Essential Killing, from veteran Polish-born filmmaker Jerzy Skolimowski, dramatizes the fate of an apparent Afghan insurgent, captured by American forces and shipped off to a “black site” in eastern Europe. He eventually escapes from his persecutors and much of the film is spent on his desperate flight in a frozen landscape, but the most evocative and chilling portion of the film occurs in its first third. Here, Skolimowski recreates in terrifying detail the interrogation, torture and savage treatment of Afghan and Iraqi detainees at the hands of the US military.

In Outbound, from Romanian director Bogdan George Apetri, Matilda, on 24-hour leave from prison to attend her mother’s funeral, makes a frantic attempt to arrange a way out of the country for her and her estranged son. Much of the detail of everyday life in Bucharest rings true, including, again, the portrait of members of the criminal class that has emerged in the new Romanian “democracy.”

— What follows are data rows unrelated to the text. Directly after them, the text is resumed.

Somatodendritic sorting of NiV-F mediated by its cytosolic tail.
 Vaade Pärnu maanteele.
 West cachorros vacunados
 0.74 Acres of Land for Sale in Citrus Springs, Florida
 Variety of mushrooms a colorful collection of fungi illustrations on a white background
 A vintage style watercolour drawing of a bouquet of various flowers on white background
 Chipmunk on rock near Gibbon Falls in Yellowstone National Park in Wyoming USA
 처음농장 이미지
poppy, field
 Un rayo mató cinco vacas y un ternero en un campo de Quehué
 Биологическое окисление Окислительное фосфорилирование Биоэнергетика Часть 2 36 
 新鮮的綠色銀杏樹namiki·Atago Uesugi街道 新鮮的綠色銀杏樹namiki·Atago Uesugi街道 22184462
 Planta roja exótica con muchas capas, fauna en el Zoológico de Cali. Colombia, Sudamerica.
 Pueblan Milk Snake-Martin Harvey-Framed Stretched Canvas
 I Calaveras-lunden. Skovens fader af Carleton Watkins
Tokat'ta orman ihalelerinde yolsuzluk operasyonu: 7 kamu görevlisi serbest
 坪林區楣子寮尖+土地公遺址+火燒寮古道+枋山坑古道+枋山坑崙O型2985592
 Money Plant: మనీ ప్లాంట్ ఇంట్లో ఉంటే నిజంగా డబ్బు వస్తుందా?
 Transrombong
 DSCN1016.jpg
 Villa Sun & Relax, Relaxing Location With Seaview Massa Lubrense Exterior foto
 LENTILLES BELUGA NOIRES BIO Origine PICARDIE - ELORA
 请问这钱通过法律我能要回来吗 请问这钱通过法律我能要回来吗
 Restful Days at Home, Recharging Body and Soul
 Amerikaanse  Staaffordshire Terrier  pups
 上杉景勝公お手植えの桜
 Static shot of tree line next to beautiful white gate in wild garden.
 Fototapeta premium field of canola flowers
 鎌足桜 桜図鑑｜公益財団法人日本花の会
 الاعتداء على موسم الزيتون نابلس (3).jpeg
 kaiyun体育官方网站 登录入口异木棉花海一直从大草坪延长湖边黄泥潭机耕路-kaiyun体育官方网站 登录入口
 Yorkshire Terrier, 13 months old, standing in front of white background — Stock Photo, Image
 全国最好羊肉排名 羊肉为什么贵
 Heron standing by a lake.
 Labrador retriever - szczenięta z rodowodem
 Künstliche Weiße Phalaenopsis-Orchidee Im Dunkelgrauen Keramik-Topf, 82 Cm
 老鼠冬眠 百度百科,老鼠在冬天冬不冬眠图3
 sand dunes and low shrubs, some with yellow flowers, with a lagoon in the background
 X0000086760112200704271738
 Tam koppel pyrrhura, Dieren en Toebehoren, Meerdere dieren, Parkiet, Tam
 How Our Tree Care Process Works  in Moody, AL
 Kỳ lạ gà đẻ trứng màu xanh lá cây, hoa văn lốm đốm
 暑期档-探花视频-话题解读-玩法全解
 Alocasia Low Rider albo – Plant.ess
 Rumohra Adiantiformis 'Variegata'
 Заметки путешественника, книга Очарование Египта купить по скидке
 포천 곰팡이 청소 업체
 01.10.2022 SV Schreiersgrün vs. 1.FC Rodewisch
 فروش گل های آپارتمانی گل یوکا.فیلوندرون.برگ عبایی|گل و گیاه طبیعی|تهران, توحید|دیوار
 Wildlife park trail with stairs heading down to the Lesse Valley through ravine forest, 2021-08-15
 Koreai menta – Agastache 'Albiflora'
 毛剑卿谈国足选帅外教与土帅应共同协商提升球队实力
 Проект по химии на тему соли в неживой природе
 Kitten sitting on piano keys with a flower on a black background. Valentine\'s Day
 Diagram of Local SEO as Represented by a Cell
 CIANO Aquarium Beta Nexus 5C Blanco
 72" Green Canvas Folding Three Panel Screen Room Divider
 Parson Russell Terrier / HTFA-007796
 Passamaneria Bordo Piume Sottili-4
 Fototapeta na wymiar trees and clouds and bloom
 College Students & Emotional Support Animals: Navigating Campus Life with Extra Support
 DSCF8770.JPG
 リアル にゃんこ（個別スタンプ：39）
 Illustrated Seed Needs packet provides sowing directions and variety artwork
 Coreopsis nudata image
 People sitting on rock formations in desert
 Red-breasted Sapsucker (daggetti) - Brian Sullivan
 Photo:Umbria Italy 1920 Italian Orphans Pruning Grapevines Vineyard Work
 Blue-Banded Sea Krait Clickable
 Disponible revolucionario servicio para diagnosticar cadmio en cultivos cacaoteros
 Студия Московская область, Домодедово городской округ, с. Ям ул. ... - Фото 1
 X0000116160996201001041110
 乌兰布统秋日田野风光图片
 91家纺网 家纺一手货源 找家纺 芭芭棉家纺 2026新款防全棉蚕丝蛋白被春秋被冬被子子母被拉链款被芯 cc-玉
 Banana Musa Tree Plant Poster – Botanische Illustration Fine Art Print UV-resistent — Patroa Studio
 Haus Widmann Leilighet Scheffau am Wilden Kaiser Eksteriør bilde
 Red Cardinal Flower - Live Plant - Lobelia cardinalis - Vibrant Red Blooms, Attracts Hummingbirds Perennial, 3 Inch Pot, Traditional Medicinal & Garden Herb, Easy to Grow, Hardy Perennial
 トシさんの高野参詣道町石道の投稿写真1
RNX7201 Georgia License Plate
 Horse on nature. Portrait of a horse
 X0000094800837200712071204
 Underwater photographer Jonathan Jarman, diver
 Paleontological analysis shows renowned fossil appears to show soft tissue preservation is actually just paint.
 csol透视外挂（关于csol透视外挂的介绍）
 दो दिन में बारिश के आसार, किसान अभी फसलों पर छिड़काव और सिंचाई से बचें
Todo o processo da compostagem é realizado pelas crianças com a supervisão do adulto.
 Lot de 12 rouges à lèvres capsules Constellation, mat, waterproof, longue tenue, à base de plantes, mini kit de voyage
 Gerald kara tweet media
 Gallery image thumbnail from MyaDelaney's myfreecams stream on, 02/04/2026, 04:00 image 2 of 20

Cirkus Columbia, directed by Danis Tanovic (No Man’s Land, Triage), born in Bosnia and Herzegovina, despite an implausible and contrived ending, delivers some convincing blows to communalism and chauvinism in the Balkans, in this story set just prior to the bloody civil war.

Fiction films also worth singling out included Outside the Law (Rachid Bouchareb), about three Algerian brothers during the independence struggle against France, and Autumn (Aamir Bashir), on the bitter war in Kashmir.

Directed by Linda Hoaglund, ANPO (acronym for US-Japan Mutual Security Treaty) is a fascinating look at the mass protests that erupted in Japan in 1960 over the extension of the treaty imposed on a defeated Japan nine years earlier. The documentary examines the protest movement, the ongoing US military presence on Japanese soil (90 American bases remain!), and the remarkable paintings and photographs generated by the 1960 movement.

Among the other documentaries of note were Inside Job (Charles Ferguson, No End in Sight), about the global financial meltdown, and The Pipe (Risteard Ó Domhnaill), which recounts the struggle against a proposed pipeline in a western Irish town.

All in all, a good deal of interesting material.

In subsequent articles, we will concentrate on some of these films, directors and writers.